Microdosing’s fabled ability to bring about these seemingly transcendent flow states is what attracted early adopters, including Steve Jobs and Bill Gates. The practice has since become popular outside of Silicon Valley, spreading to less high-octane workplaces and with some advocates even suggesting the practice could, and should, become mainstream.

Getting your dose right is vital, but information online varies wildly. One supplier recommends a 1g-2g dose of magic truffles, while other articles describe that amount as closer to a ‘party dose’ and instead suggest taking extremely small quantities -- around 0.1g for psilocybin (magic mushrooms and truffles) and around 10ug – 20ug for a microdose of LSD. The optimum dosage will be different for everyone, with the only route to finding your sweet spot likely through very careful trial and error.

This means microdosing shouldn’t be seen as a quick fix.
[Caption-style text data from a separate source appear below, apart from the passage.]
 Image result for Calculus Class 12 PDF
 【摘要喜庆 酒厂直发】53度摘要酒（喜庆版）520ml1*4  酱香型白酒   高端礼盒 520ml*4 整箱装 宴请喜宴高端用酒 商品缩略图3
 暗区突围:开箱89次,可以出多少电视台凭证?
Paul Austin, founder of The Third Wave, teaches microdosing via online courses and virtual one-to-one sessions. His microdosing course spans six weeks, split into three phases and includes guided meditation and group support. “What works for one person might not work so well for another,” Paul explains, “but generally, meditation, journaling and time in nature are obligatory for everyone.”

Laura Eisman is the co-founder of Her Highness, a luxury cannabis brand for women. Although a connoisseur of cannabis products, she was relatively new to microdosing when she started during lockdown. She spent about a week getting her dose correct, finally settling on 0.3g of dried and powdered magic mushrooms. “It’s important to approach it with the right intention,” she explains. “I think it can be a great tool for checking in with yourself, a way to encourage that kind of self-awareness and presence.”
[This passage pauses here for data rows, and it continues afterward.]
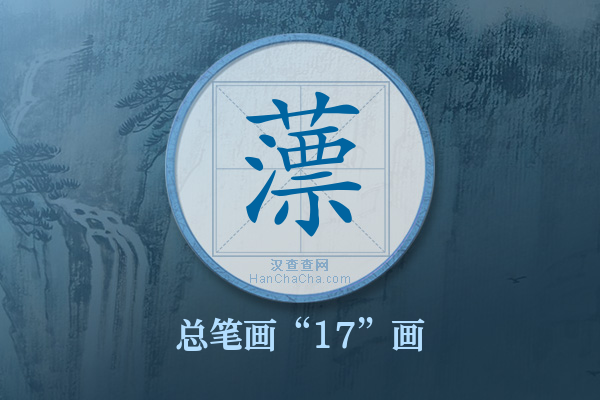 薸字有多少笔画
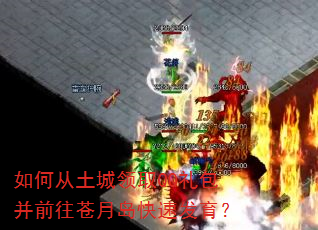 如何从土城领取QQ礼包并前往苍月岛快速发育? 如何从土城领取QQ礼包并前往苍月岛快速发育?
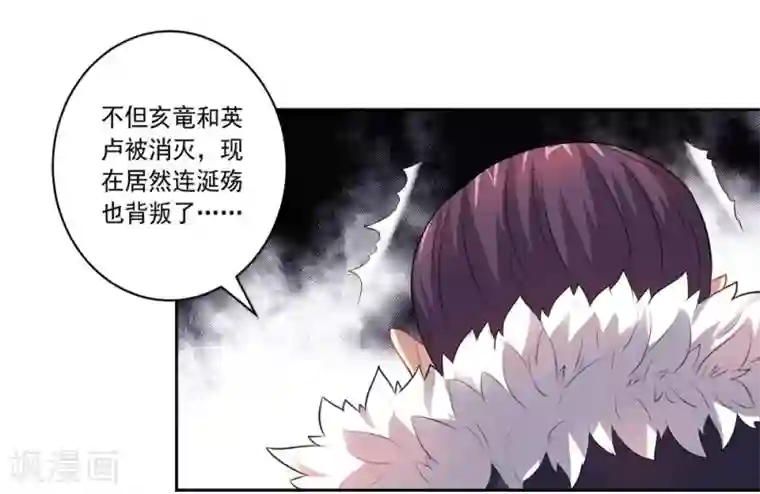 大英雄的女友超级凶第46话 新开始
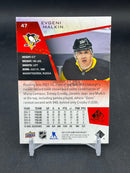2021 UPPER DECK SP GAME USED - RED - E. MALKIN - #47 - #'D/205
Paul points out that psychedelics work very differently to other kinds of drugs and that a level of self-acceptance is important to the practice. “Really, psychedelics just unlock, or amplify, what is already there,” he says. Although it’s not essential to be familiar with psychedelics before trying microdosing, Paul explains that it can make it easier to figure out your dosage. “A person who knows what a large dose of these drugs feels like will be able to recognise that feeling, so they’ll know more easily if they’re taking too much.”

Although online coaches can help guide the journey, the effects of what is ultimately a very nuanced practise will vary from person to person, and it’s important to remember that microdosing is far from a fix-all. Checking in with yourself regularly can be difficult, especially with the added stress of living through a global pandemic, but keeping a tab on your feelings is vital -- whether you’re microdosing or not.

2020 has thrown our old routines out the window, scrapping long-held habits and forcing many of us into self-analysis as a result. For some, this has pushed us to try new things and reassess our priorities in a positive way. Microdosing, for those who find it useful, could be seen as a tool to hold onto these new intentions and insights, as the world begins to return to a new kind of normal.